On a fixed pin 71 there is pivoted a bridge 72 carrying two rollers 73 in correspondence with the printing point 67. On the bridge 72 there is further fixed a core 74 of an electromagnet EM2. The bridge 72 is normally held by a large spring 77 in contact against a fixed but adjustable stop consituted by an eccentric 78. In this position the rollers 73 hold an envelope passing the wheel 61 spaced from this thereby avoiding any printing. With the rollers 73 there cooperates a pressure roller 79 carried by a lever 81 pivoted on a fixed pin 82 and urged in a clockwise sense by a spring 83 over which the spring 77 prevails. A link 84 pivoted on the lever 81 is connected by a pin and slot coupling to the core 86 of another solenoid EM3.
The magazine 11 (FIG. 1) is constituted by a fixed horizontal plate 88 having a front edge 89 bent up in such a way as to retain the stack of empty envelopes 90. Onto the plate 88 there is welded a side wall 91 against which abuts the first envelope 90 to be withdrawn.
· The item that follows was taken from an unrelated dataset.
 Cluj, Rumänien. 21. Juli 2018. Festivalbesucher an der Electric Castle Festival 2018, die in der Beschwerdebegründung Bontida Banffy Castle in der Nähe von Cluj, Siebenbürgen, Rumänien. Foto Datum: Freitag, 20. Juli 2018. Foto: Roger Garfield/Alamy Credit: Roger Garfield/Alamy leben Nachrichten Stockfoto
The side wall 91 has an extension portion 92 which constitutes a side wall of the duct 12. This includes another side wall 93 connected to the side wall 92 by two plates 94. The edge 89 has a lateral interruption 95 to allow the passage of envelopes 90 from the magazine 11 into the duct 12. The side wall 91 is provided with two openings 96 (FIG. 4) extending partly in correspondence with the magazine 11 and partly in correspondence with the duct 12, in which openings there is lodged an envelope feed device comprising two externally toothed belts 97. These belts pass over two pairs of pulleys 98 and 99 (FIG. 1) fixed on two vertical shafts 101 and 102 each rotatable on two extensions 103 of the plates 94. On the shaft 102 there is also fixed a worm wheel 104 in engagement with a worm screw 106 fixed to the shaft of an electric motor M1. On two pins 108 fixed to the plates 94 (see also FIG. 4) there are pivoted two arms 109 connected to a shaft 110 passing through two slots 112 of the plates 94. On the shaft 110 there are fixed two rollers 113 of material having a high coefficient of friction, which are held against the belts 97 by the action of two springs 114 (FIG. 1).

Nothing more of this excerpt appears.